■ TASK DATA
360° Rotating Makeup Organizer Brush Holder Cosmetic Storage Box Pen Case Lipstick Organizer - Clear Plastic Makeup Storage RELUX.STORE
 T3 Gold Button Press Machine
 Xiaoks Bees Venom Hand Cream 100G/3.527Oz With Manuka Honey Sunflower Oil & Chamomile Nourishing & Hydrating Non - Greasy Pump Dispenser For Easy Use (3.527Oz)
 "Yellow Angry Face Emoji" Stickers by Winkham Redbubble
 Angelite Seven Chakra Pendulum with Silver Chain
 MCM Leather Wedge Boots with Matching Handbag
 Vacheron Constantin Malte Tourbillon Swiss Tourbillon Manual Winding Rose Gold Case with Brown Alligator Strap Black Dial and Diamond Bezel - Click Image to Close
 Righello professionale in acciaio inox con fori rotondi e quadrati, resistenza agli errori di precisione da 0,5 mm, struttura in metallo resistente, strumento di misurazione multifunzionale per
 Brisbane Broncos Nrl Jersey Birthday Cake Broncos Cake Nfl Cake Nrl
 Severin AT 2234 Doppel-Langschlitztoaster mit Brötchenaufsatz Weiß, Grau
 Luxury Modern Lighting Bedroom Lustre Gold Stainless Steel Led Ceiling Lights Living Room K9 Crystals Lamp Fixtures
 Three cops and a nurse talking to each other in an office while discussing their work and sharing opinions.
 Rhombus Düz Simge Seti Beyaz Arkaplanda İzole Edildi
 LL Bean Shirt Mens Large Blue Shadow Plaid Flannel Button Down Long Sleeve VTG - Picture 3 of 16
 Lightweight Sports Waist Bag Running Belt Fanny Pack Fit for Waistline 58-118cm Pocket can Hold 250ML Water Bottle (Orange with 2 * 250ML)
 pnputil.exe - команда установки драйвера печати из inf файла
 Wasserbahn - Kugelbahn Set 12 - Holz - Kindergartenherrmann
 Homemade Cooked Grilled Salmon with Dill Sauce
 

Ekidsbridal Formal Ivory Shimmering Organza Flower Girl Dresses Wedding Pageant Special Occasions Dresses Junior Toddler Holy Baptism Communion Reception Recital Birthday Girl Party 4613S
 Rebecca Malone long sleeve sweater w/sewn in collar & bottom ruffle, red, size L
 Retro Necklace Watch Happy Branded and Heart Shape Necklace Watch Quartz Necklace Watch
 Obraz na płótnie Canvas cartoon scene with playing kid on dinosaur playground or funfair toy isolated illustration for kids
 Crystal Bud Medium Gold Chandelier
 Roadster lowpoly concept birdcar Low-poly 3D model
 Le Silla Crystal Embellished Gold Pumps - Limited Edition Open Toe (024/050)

■ PROBLEM DESCRIPTION
Repeat each of the records exactly as written.

■ RESULT OF THIS EXERCISE
360° Rotating Makeup Organizer Brush Holder Cosmetic Storage Box Pen Case Lipstick Organizer - Clear Plastic Makeup Storage RELUX.STORE
 T3 Gold Button Press Machine
 Xiaoks Bees Venom Hand Cream 100G/3.527Oz With Manuka Honey Sunflower Oil & Chamomile Nourishing & Hydrating Non - Greasy Pump Dispenser For Easy Use (3.527Oz)
 "Yellow Angry Face Emoji" Stickers by Winkham Redbubble
 Angelite Seven Chakra Pendulum with Silver Chain
 MCM Leather Wedge Boots with Matching Handbag
 Vacheron Constantin Malte Tourbillon Swiss Tourbillon Manual Winding Rose Gold Case with Brown Alligator Strap Black Dial and Diamond Bezel - Click Image to Close
 Righello professionale in acciaio inox con fori rotondi e quadrati, resistenza agli errori di precisione da 0,5 mm, struttura in metallo resistente, strumento di misurazione multifunzionale per
 Brisbane Broncos Nrl Jersey Birthday Cake Broncos Cake Nfl Cake Nrl
 Severin AT 2234 Doppel-Langschlitztoaster mit Brötchenaufsatz Weiß, Grau
 Luxury Modern Lighting Bedroom Lustre Gold Stainless Steel Led Ceiling Lights Living Room K9 Crystals Lamp Fixtures
 Three cops and a nurse talking to each other in an office while discussing their work and sharing opinions.
 Rhombus Düz Simge Seti Beyaz Arkaplanda İzole Edildi
 LL Bean Shirt Mens Large Blue Shadow Plaid Flannel Button Down Long Sleeve VTG - Picture 3 of 16
 Lightweight Sports Waist Bag Running Belt Fanny Pack Fit for Waistline 58-118cm Pocket can Hold 250ML Water Bottle (Orange with 2 * 250ML)
 pnputil.exe - команда установки драйвера печати из inf файла
 Wasserbahn - Kugelbahn Set 12 - Holz - Kindergartenherrmann
 Homemade Cooked Grilled Salmon with Dill Sauce
 

Ekidsbridal Formal Ivory Shimmering Organza Flower Girl Dresses Wedding Pageant Special Occasions Dresses Junior Toddler Holy Baptism Communion Reception Recital Birthday Girl Party 4613S
 Rebecca Malone long sleeve sweater w/sewn in collar & bottom ruffle, red, size L
 Retro Necklace Watch Happy Branded and Heart Shape Necklace Watch Quartz Necklace Watch
 Obraz na płótnie Canvas cartoon scene with playing kid on dinosaur playground or funfair toy isolated illustration for kids
 Crystal Bud Medium Gold Chandelier
 Roadster lowpoly concept birdcar Low-poly 3D model
 Le Silla Crystal Embellished Gold Pumps - Limited Edition Open Toe (024/050)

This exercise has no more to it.